Власть в принципе не есть проявление, или выражение, нации, и не может им быть, поскольку нация рождается лишь в результате долгого сосуществования отдельных элементов под одной и той же Властью. Последняя обладает неоспоримым первородством.
Повелевание как причина
Эта очевидная взаимосвязь была затемнена в XIX в. метафизикой национальности. Воображение историков, потрясенное захватывающими демонстрациями национального чувства, проецировало в прошлое, даже самое отдаленное, реальность настоящего. Недавние «единства чувств» они восприняли как предшествование их нового осознания. История стала романом Нации – особы, которая, как героиня мелодрамы, в условленный час вызывала необходимого ей заступника.
Посредством странного превращения грабители и завоеватели, вроде Хлодвига или Вильгельма Нормандского, стали служить воле к жизни французской или английской нации.
Как искусство, история благодаря этому выиграла колоссально, найдя, наконец, то единство действия, ту непрерывность движения и особенно тот центральный персонаж, которых ей прежде недоставало[160].
Но это только литература. Верно, что «коллективное сознание»[161] – явление самой глубокой древности; требуется все же добавить, что это сознание имело узкие географические границы. Непонятно, как иначе оно могло быть расширено, если не посредством связывания друг с другом отдельных обществ, – а это дело повелевания.
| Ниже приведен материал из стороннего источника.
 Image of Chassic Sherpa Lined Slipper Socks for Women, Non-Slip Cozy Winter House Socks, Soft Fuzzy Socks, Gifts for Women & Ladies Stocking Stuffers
Многие из авторов совершают чреватую последствиями ошибку, утверждая, что такое большое политическое формирование, как государство, возникает естественным образом вследствие человеческой общительности. Это кажется само собой разумеющимся, поскольку таков, конечно, в самом деле принцип общества как факта природы. Но такое естественное общество является малым. А переход от малых обществ к большим не может происходить таким же образом. Здесь нужен связующий фактор, каковым в подавляющем большинстве случаев является инстинкт не объединения, а господства. Именно инстинкту господства обязаны своим существованием большие целостности[162].
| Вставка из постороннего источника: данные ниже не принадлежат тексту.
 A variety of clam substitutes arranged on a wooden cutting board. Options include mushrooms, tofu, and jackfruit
Нация не создавала сначала своих вождей по той простой причине, что она им не предшествовала ни на деле, ни по инстинкту. Пусть нам поэтому не объясняют стягивающую и согласующую энергию человеческого сообщества посредством какой-то там эктоплазмы>*, внезапно возникшей из его глубин. Наоборот, в истории больших целостностей эта энергия является первопричиной, за пределы которой нельзя выйти.
Словно для того, чтобы лучше это доказать, данная энергия чаще всего приходит извне.
Первый аспект повелевания
Принцип формирования обширных образований только один – завоевание. Иногда это дело одного из элементарных обществ целостности, но часто – дело воинственной дружины, пришедшей издалека[163]. В первом случае одна гражданская община повелевает многими общинами, во втором – маленький народ повелевает многими народами. Несмотря на различия, которые необходимо допустить, когда мы переходим в область конкретной истории, не стоит сомневаться, что понятия столицы и знати обязаны частью своего психологического содержания этим древним явлениям[164].
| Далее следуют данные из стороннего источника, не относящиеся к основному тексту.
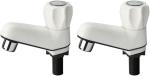 COSVIT PVC Polo Plastic Pillar Cock Tap for Wash Basin (Pack of 2) Pillar Tap Faucet (Deck Mount Installation Type)
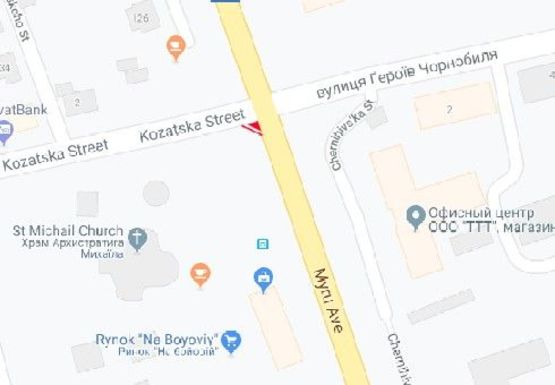 Схема рекламної площини за адресою Мира пр. - Козацька ул. Схема рекламної площини за адресою Мира пр. - Козацька ул.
В качестве движущих сил «синтезирующей деятельности», как ее называет Огюст Конт, судьба избирает весьма жестокие орудия. Так, современные государства Западной Европы должны признать, что их основателями были те германские племена, ужасный портрет которых нарисовал Тацит (несмотря на то, что как человек цивилизованный и немного идеалист, он был к ним благосклонен). И не стоит представлять себе, будто франки, от которых мы получили свое имя, отличались от готов, изображенных Аммианом Марцеллином, чей захватывающий рассказ заставляет нас следовать за этими бродячими племенами, грабящими и опустошающими все вокруг.